----- EXERCISE MATERIAL

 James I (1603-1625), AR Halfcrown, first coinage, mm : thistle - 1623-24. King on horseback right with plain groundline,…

----------
----- EXERCISE MATERIAL

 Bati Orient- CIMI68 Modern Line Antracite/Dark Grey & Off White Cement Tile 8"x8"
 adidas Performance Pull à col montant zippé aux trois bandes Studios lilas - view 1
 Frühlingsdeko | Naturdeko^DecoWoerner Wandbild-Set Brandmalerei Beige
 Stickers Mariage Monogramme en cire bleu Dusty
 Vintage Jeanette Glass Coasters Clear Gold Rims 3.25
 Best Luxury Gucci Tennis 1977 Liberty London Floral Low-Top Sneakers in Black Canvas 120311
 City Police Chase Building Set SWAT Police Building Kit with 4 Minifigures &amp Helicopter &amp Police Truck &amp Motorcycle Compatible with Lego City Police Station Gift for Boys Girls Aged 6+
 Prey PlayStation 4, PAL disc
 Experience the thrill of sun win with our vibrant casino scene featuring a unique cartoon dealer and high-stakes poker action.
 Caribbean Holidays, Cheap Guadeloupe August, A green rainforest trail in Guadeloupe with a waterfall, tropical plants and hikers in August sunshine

----------
----- EXERCISE MATERIAL

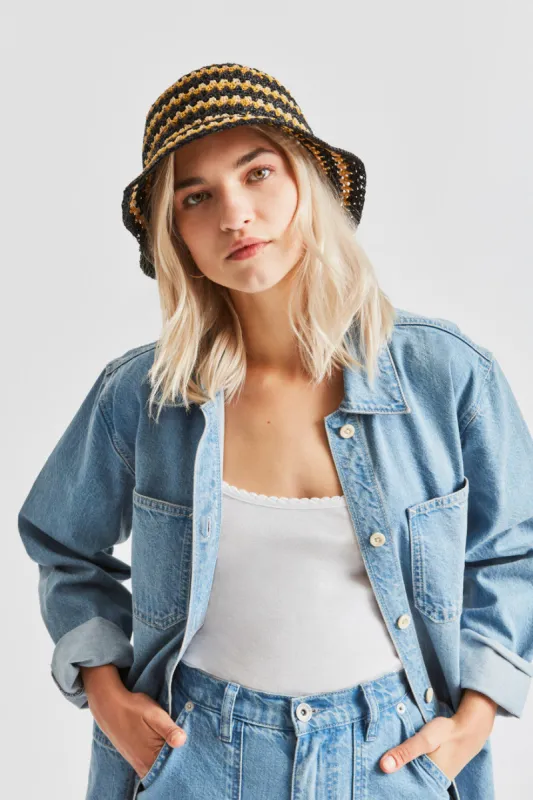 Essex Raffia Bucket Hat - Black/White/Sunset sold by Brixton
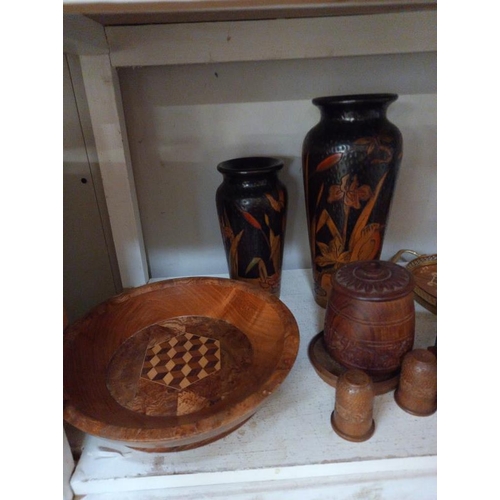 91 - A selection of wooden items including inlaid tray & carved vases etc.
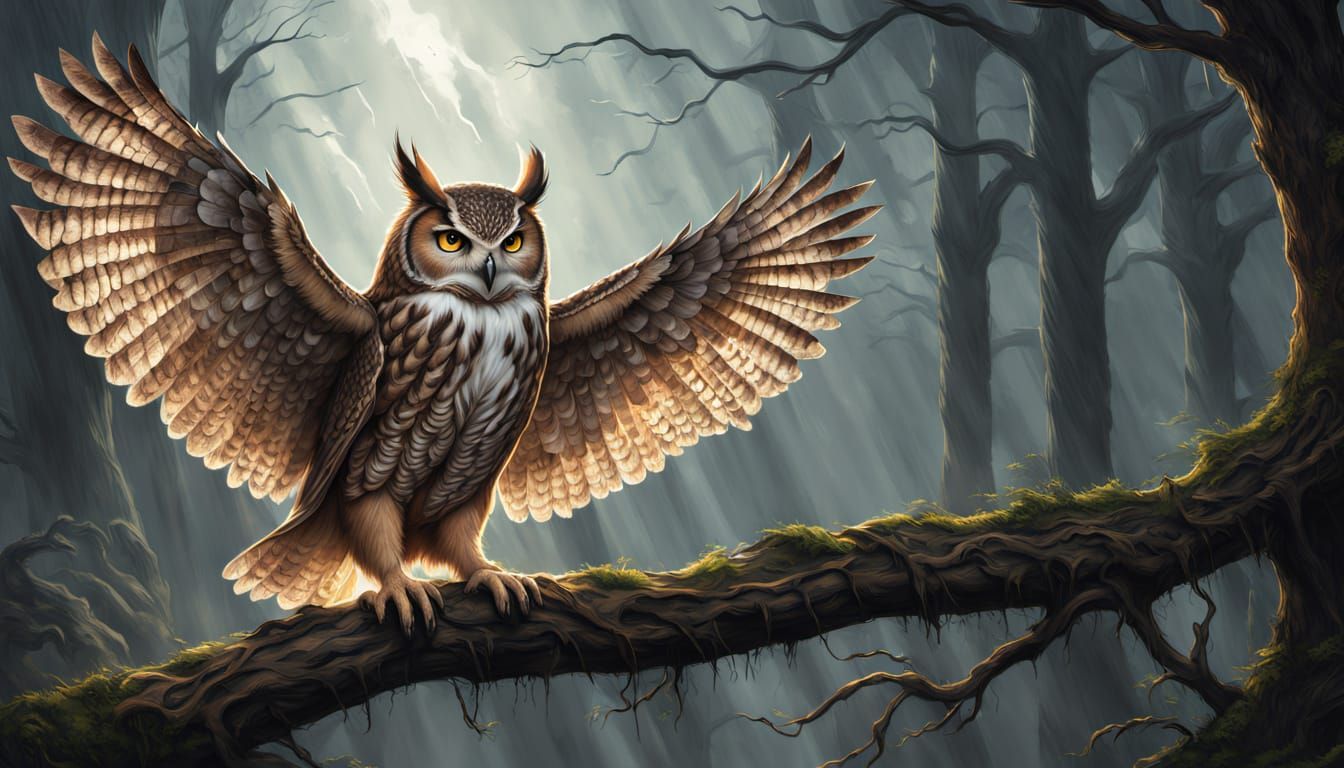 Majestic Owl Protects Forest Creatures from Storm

----------

*WORK ORDER*. Of all the entries above, output exactly the lines between the one holding "Frühlingsdeko | Naturdeko^DecoWoerner" and the one holding "Experience the thrill", inclusive.

*SOLVED PROBLEM*.
 Frühlingsdeko | Naturdeko^DecoWoerner Wandbild-Set Brandmalerei Beige
 Stickers Mariage Monogramme en cire bleu Dusty
 Vintage Jeanette Glass Coasters Clear Gold Rims 3.25
 Best Luxury Gucci Tennis 1977 Liberty London Floral Low-Top Sneakers in Black Canvas 120311
 City Police Chase Building Set SWAT Police Building Kit with 4 Minifigures &amp Helicopter &amp Police Truck &amp Motorcycle Compatible with Lego City Police Station Gift for Boys Girls Aged 6+
 Prey PlayStation 4, PAL disc
 Experience the thrill of sun win with our vibrant casino scene featuring a unique cartoon dealer and high-stakes poker action.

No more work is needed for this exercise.